🤖 AI Summary
This paper addresses the excessive arithmetic and communication overhead of the Jacobi method for computing eigenvalues of symmetric matrices and singular value decompositions (SVD). To mitigate this, we propose two optimized variants: block Jacobi and recursive block Jacobi. We theoretically establish that the classical block Jacobi algorithm achieves the asymptotic communication lower bound while maintaining $O(n^3)$ arithmetic complexity. Furthermore, the recursive block variant, when combined with fast matrix multiplication (exponent $omega_0 < 3$), simultaneously attains near-optimal arithmetic and communication complexity. Our approach integrates communication-avoiding techniques, parallel Jacobi iterations, and recursive matrix decomposition, significantly reducing memory access volume and inter-processor data movement. This work provides the first rigorous proof of communication optimality for Jacobi-type algorithms, establishing a scalable, high-efficiency computational paradigm for large-scale eigenanalysis and SVD.
📝 Abstract
In this paper, we analyze several versions of Jacobi's method for the symmetric eigenvalue problem. Our goal throughout is to reduce the asymptotic cost of the algorithm as much as possible, as measured by the number of arithmetic operations performed and associated (sequential or parallel) communication, i.e., the amount of data moved between slow and fast memory or between processors in a network.
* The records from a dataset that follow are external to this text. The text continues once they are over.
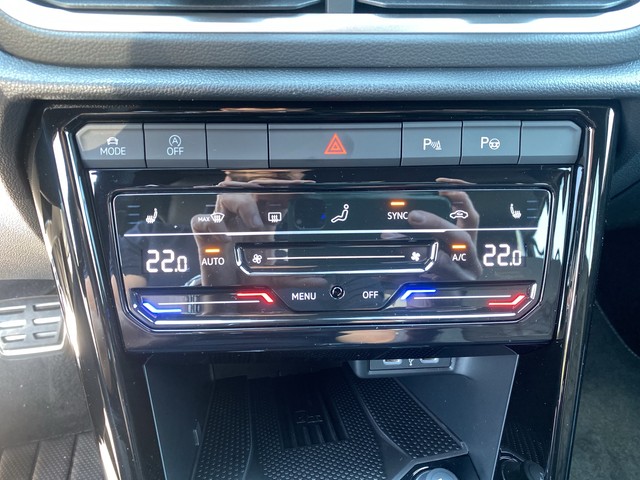 Volkswagen T-Roc 1.5 eTSI DSG R-Line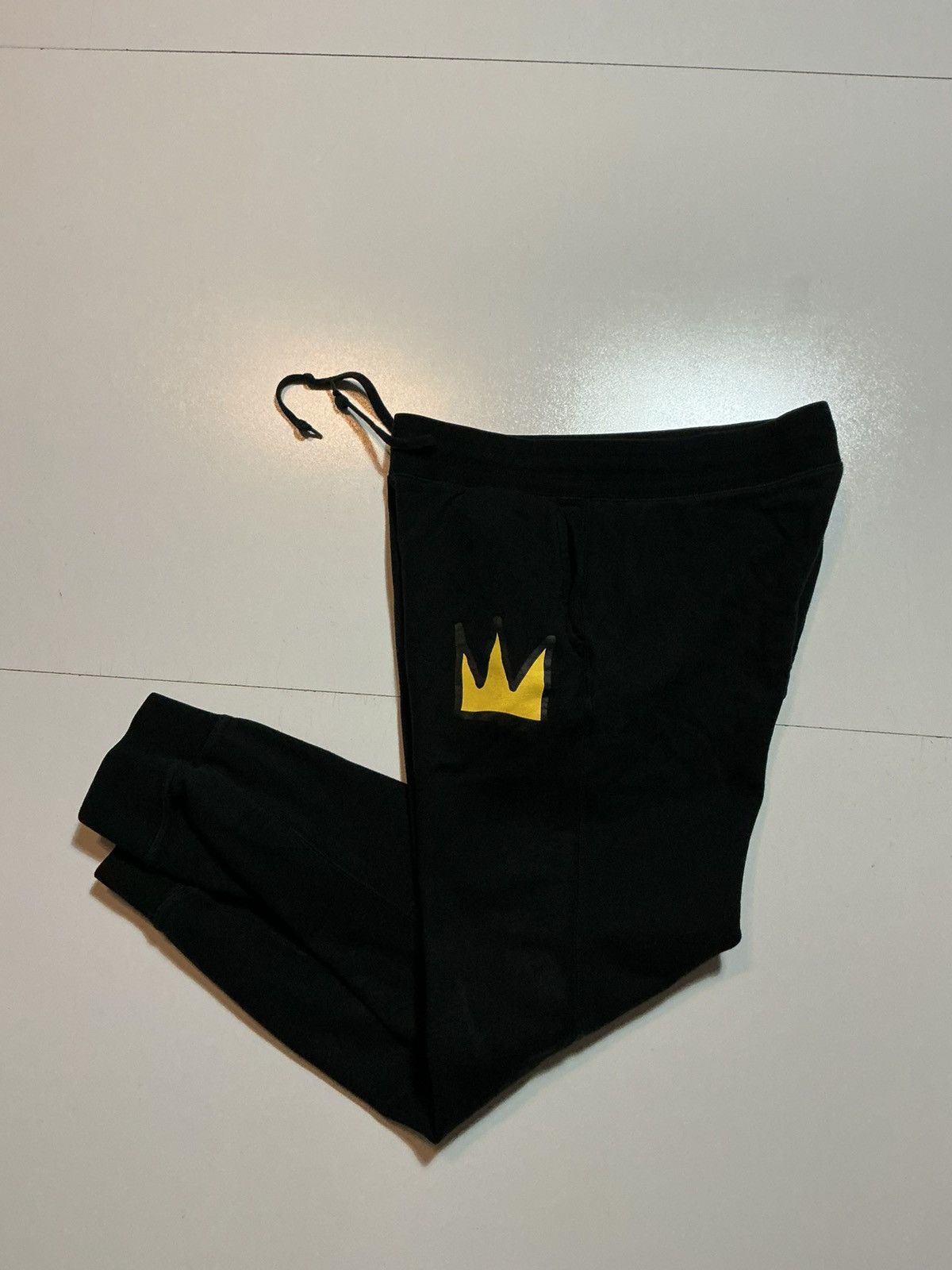 Uniqlo Uniqlo Sprz NY Jean Michel Basquiat Crown Jogger Sweatpants Size US 34 / EU 50 - 2 Thumbnail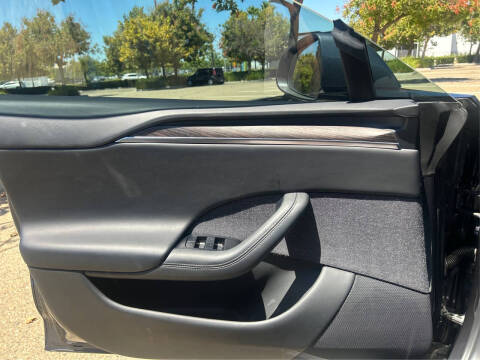 2022 Tesla Model S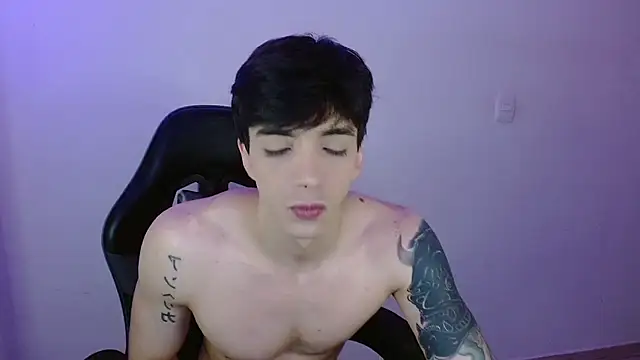 H3ll B0I online show from 04.09.26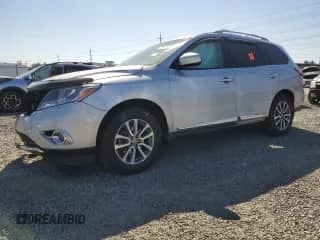 2013 Nissan Pathfinder SL with VIN 5N1AR2MM2DC636292, listed as a Copart auction lot 68916375 with Not provided miles and Salvage title. Bid and sale history available at DreamBid. Image 1.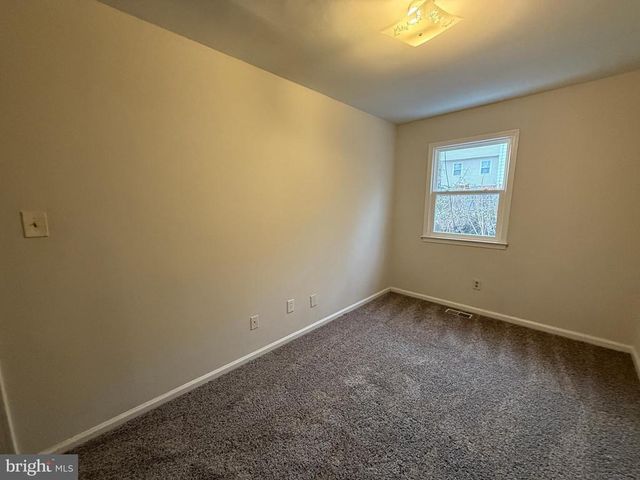 4 MANCHESTER CT, Fredericksburg, VA 22408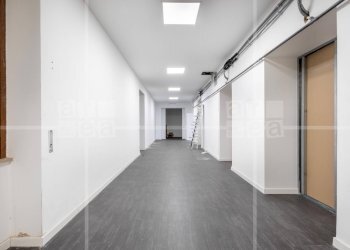 Disimpegno - Commercial Premises Via Tomacelli, Roma - photo 14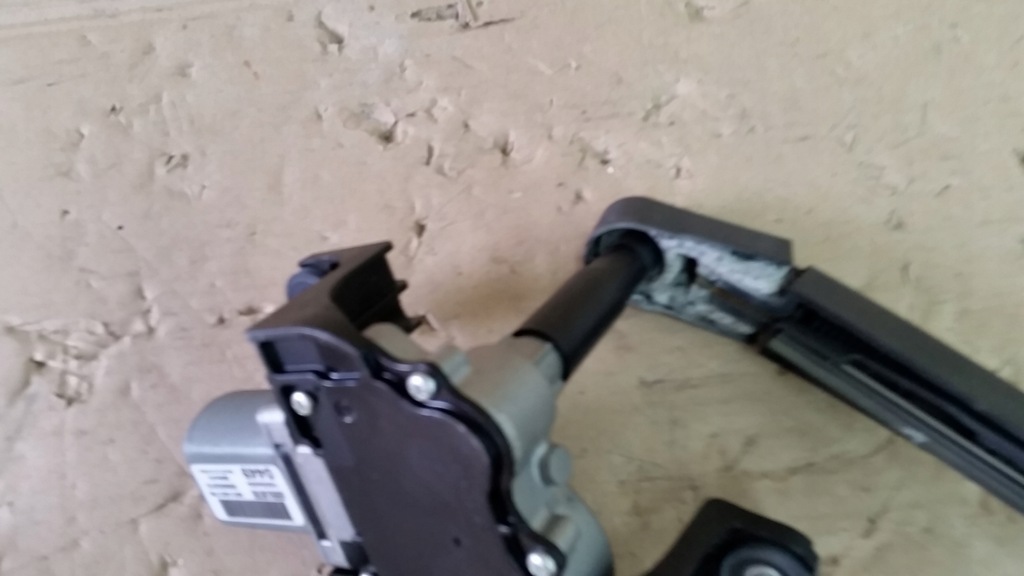 фото №8, Механізм моторчик двірник задня opel karl 95143178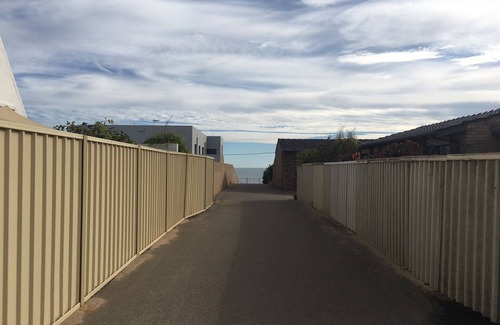 Geraldton Villa | 2 BEDROOM VILLA JUST STEPS FROM THE OCEAN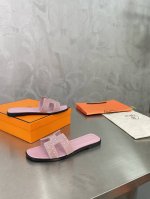 高定版 H家新款奥钻水晶平底拖鞋 万年经典H拖 这个夏天依旧奢华上市 施华洛世奇水钻 手工镶嵌 颜值过分美丽 进口牛津皮料 涂边工艺 意大利真皮大底 高定版本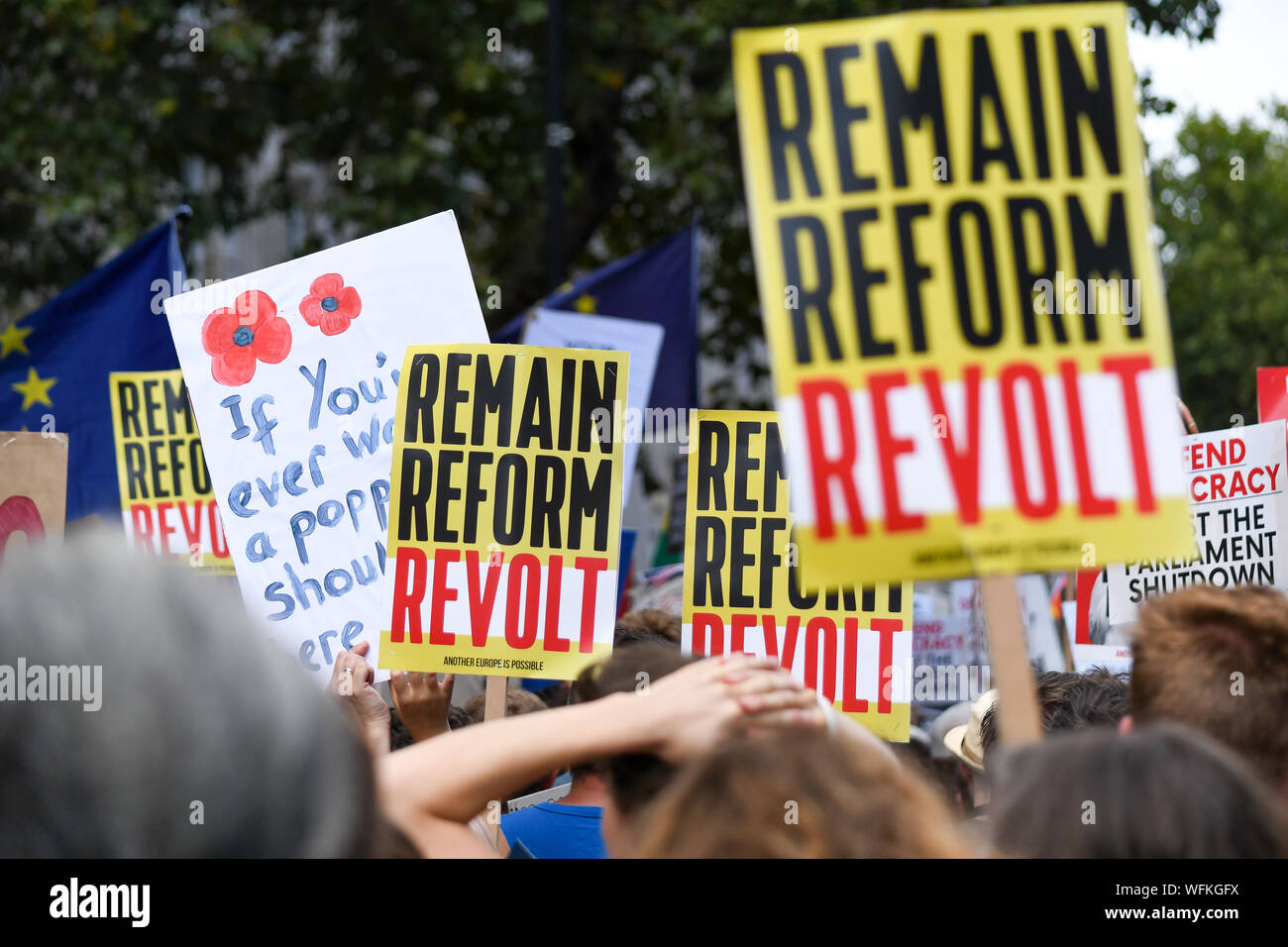 Mars à Londres pour mettre fin à l'arrêt du Parlement le 31 août 2019. En prenant place en face de Downing Street, Whitehall vers le bas autour de 50 000 y ont pris part. Banque D'Images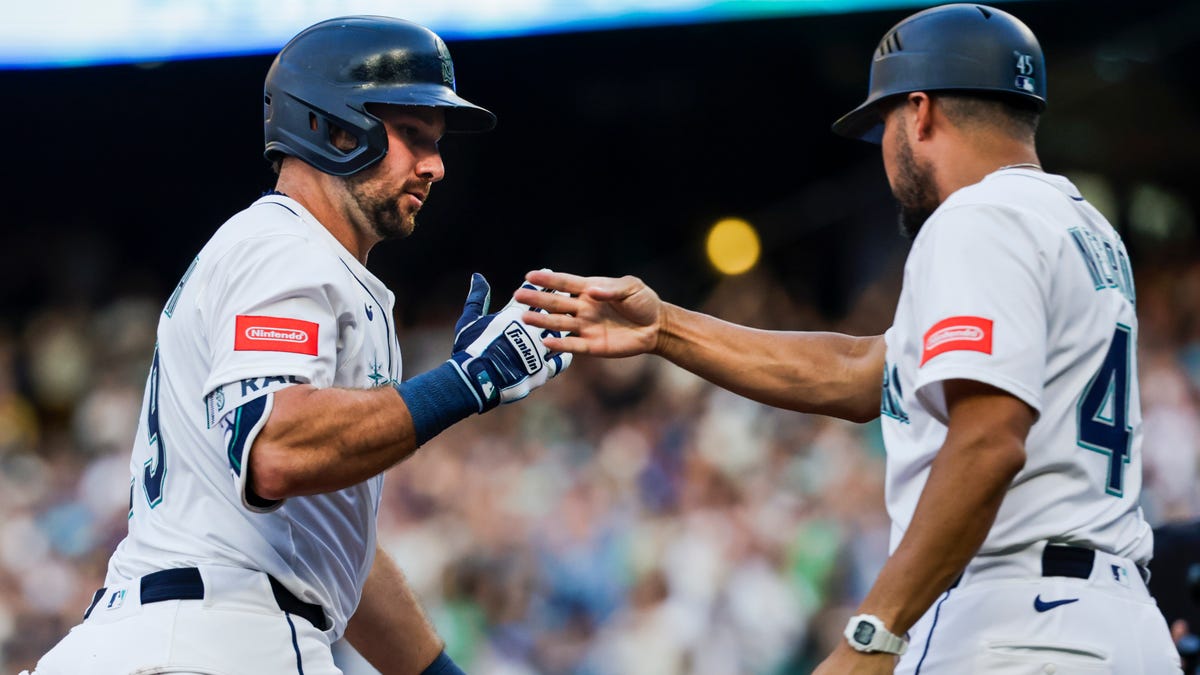 Mariners end Brewers win streak, prevent George Webb burger giveaway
In producing rigorous complexity bounds, we allow our algorithms to be built on both classic $O(n^3)$ matrix multiplication and fast, Strassen-like $O(n^{omega_0})$ alternatives. In the classical setting, we show that a blocked implementation of Jacobi's method attains the communication lower bound for $O(n^3)$ matrix multiplication (and is therefore expected to be communication optimal among $O(n^3)$ methods). In the fast setting, we demonstrate that a recursive version of blocked Jacobi can go even further, reaching essentially optimal complexity in both measures. We also discuss Jacobi-based SVD algorithms and a parallel version of block Jacobi, showing that analogous complexity bounds apply.